Furthermore, there are qualitative variables that represent attributes or categories of the variable. When the variable does not include any sense of order, it is said to be a qualitative nominal variable, whereas if you can establish some order among the categories you will say that it is a qualitative ordinal variable. For example, smoking will be a qualitative nominal variable if it has two possibilities: yes or no. However, if we define the variable into categories like casual, slightly smoker, moderate or heavy smoker, there will be a hierarchy among the categories and it will be an ordinal qualitative variable.
Well, the bar graph is used to represent ordinal qualitative variables. The horizontal axis represents the different categories and over it are drawn a series of columns or bars whose heights are proportional to the frequency of each category. We could also use this type of graph to represent discrete quantitative variables, but what is not right to do is to use it to plot nominal qualitative variables.

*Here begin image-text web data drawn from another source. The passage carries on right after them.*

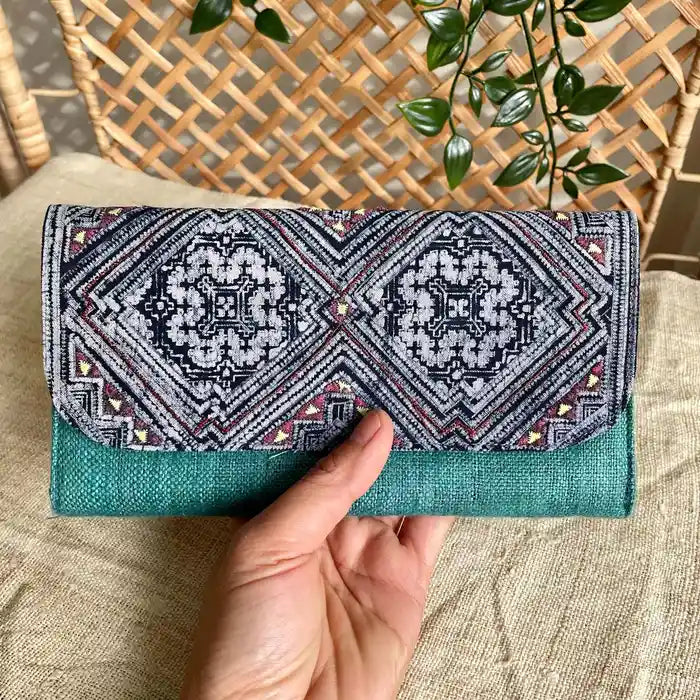 Vindigo long purse turquoise hemp pattern front view with hand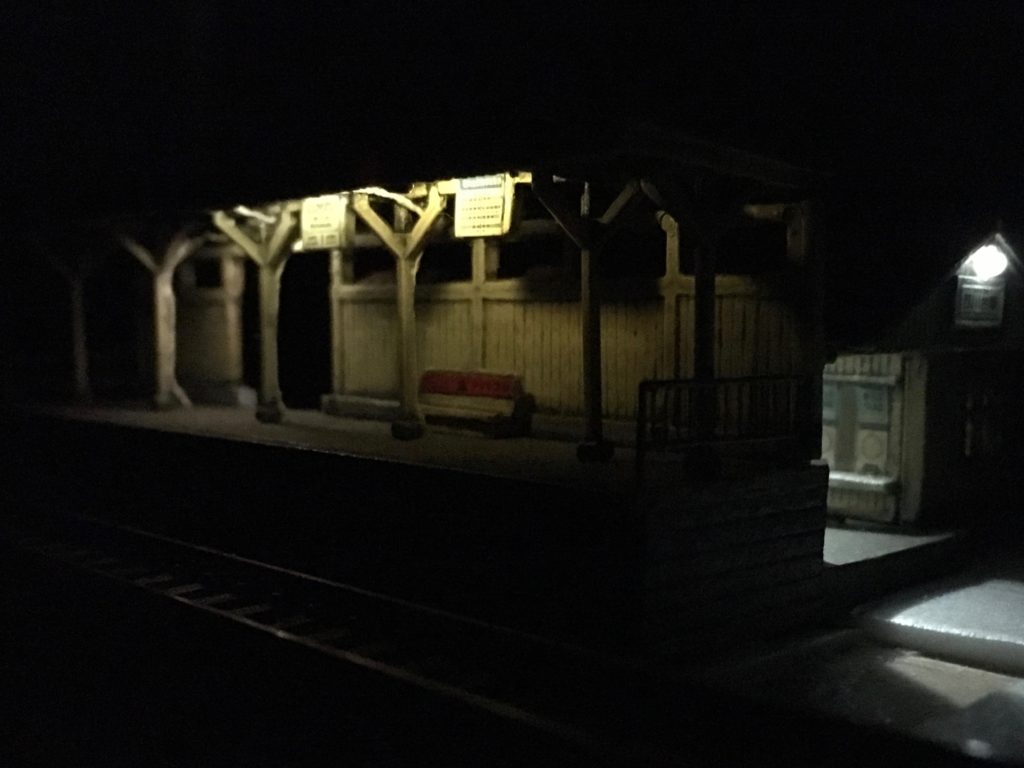 駅ホームの照明２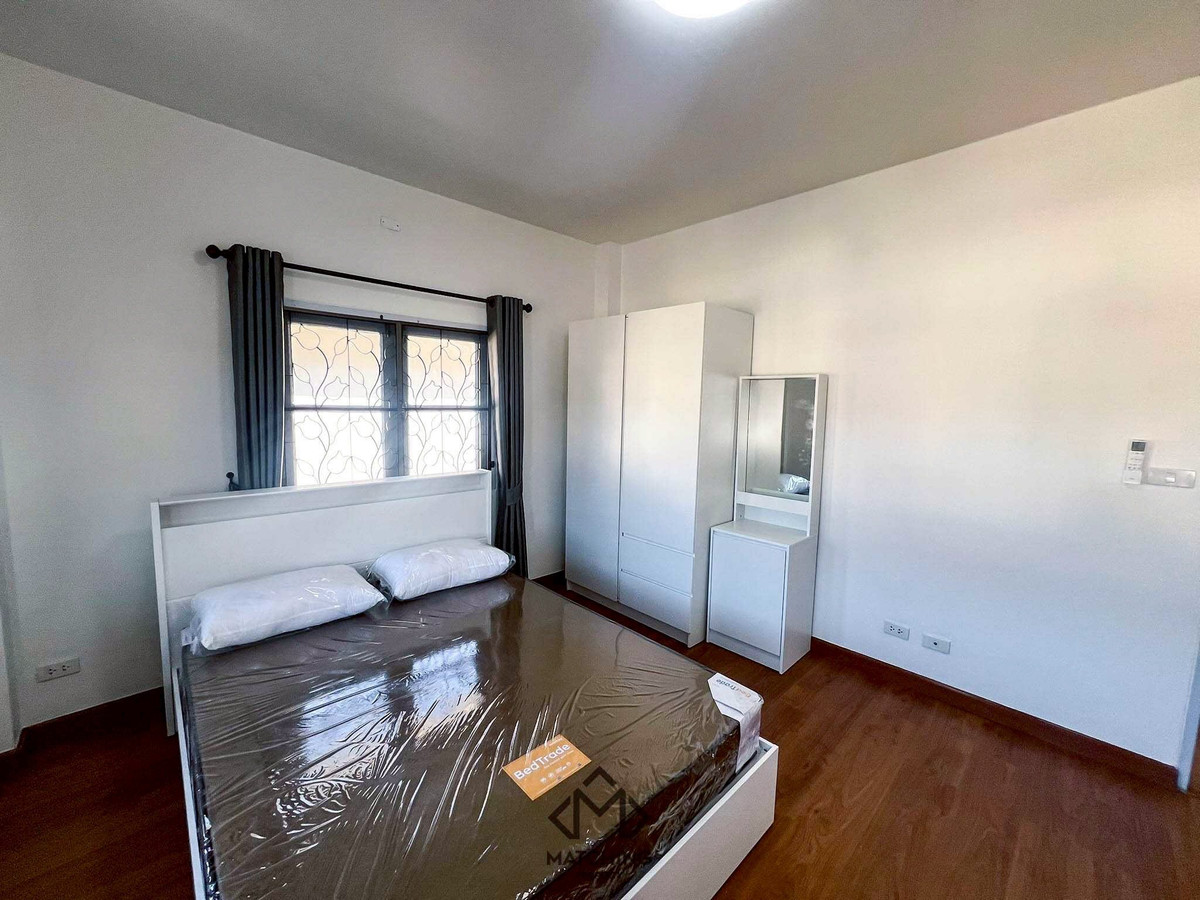 ให้เช่าบ้านวิภาวดี ดอนเมือง หลักสี่ : บ้านเดี่ยว 2 ชั้น รีโนเวทใหม่ เฟอร์ใหม่ ใกล้สนามบินดอนเมือง 3 นอน 3 น้ำ 2 จอด / Tel: 098-6542399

The great merit of the bar chart is expressing the magnitude of the differences between the categories of the variable. But that is precisely its weakness because they are easily manipulated by modifying its axes. As you can see in the first figure, the difference between short and occasional smokers seems much higher in the second graph, in which we have miss out part of the vertical axis. So be careful when analyzing this type of graph to avoid being deceived with the message that the author of the study may want to convey.
Moving on, the histogram is a graph with a much deeper meaning. A histogram is a frequency distribution that is used (or should) to represent the frequency of continuous quantitative variables. This is not the height, but the area of the bar which is proportional to the frequency of that interval, and is related to the probability with which each interval may occur. As you can see in the second figure, columns, unlike in the bar chart, are side-by-side and the midpoint gives the name to the interval. The intervals need not to be all of the same width (although it is the most common situation), but they will always have a larger area the more frequent those intervals are.
In addition, there’s another very important difference between the bar graph and the histogram. In the first graph there’re represented only those values of the variable than have been observed in the study. Meanwhile, the histogram goes much further, since its represents all the possible values that exist within the range, although we haven’t seen some of them in a direct way. So, it allows calculating the probability of any value of the represented distribution, which is very important if we want to make inference and to estimate population’s values from the result of our sample.
And here we leave these graphs that may look the same but, as we’ve shown, seem like an egg to a chestnut.
Just one last comment. We’ve said at the beginning that it was a mistake to use a bar chart (or, of course, histograms) to represent nominal qualitative variables. And what can we use for that?. Well, a sectors’ chart, the famous and ubiquitous pie that is used on more occasions than the proper and that has its own idiosyncrasies. But that’s another story…